BEGIN INPUT DATA
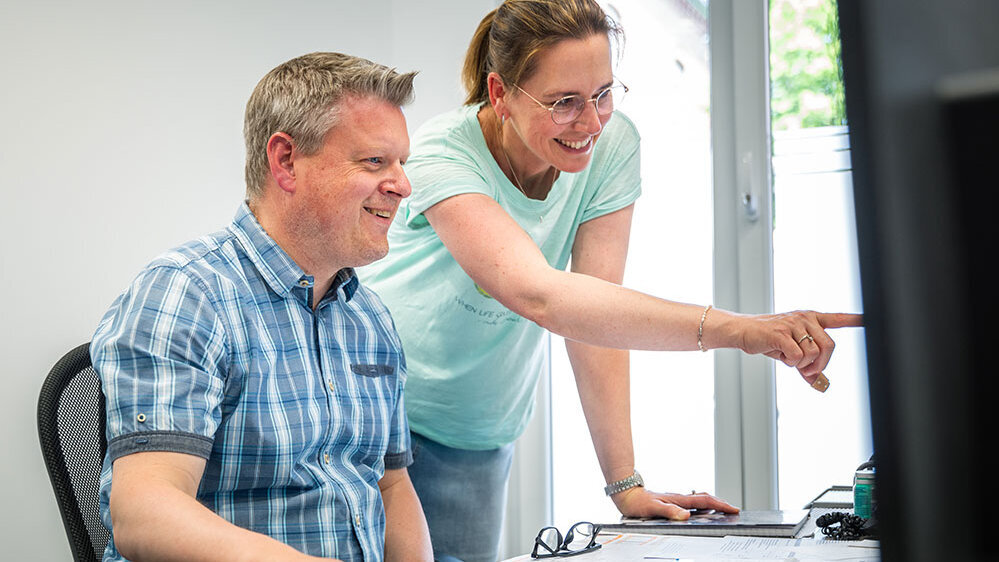 Mitarbeiter von Elektro Wehren im Büro am PC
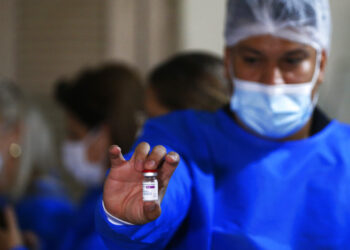 Paraguay suspende vacuna de AstraZeneca a menores de 55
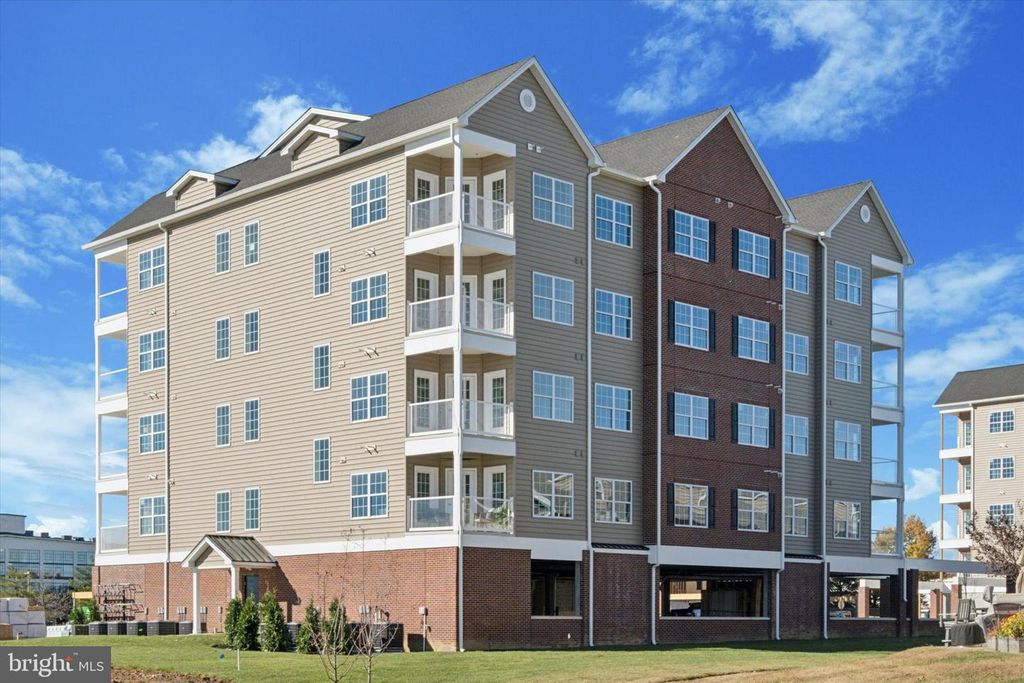 16422 RIVER VIEW DR, Bristol, PA 19007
END INPUT DATA
**WORK ORDER:**
Starting at the line that contains "Paraguay suspende vacuna", please write out each line through the last line of the data, both ends included, and keep pictures out of the copy.

**EXERCISE ANSWER:**
 Paraguay suspende vacuna de AstraZeneca a menores de 55
 16422 RIVER VIEW DR, Bristol, PA 19007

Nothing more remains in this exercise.